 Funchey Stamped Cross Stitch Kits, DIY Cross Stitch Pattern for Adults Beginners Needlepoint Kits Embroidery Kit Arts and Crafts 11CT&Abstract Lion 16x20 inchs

= = =

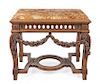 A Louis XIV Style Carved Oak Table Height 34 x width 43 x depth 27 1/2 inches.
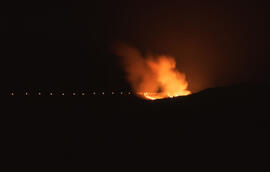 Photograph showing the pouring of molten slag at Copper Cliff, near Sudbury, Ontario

= = =

**Task brief**. Find the line with "A Louis XIV" in the entries above. Set down exactly every line from it up to and including the line with "Photograph showing the", images excluded.

**Solution to this task**.
 A Louis XIV Style Carved Oak Table Height 34 x width 43 x depth 27 1/2 inches.
 Photograph showing the pouring of molten slag at Copper Cliff, near Sudbury, Ontario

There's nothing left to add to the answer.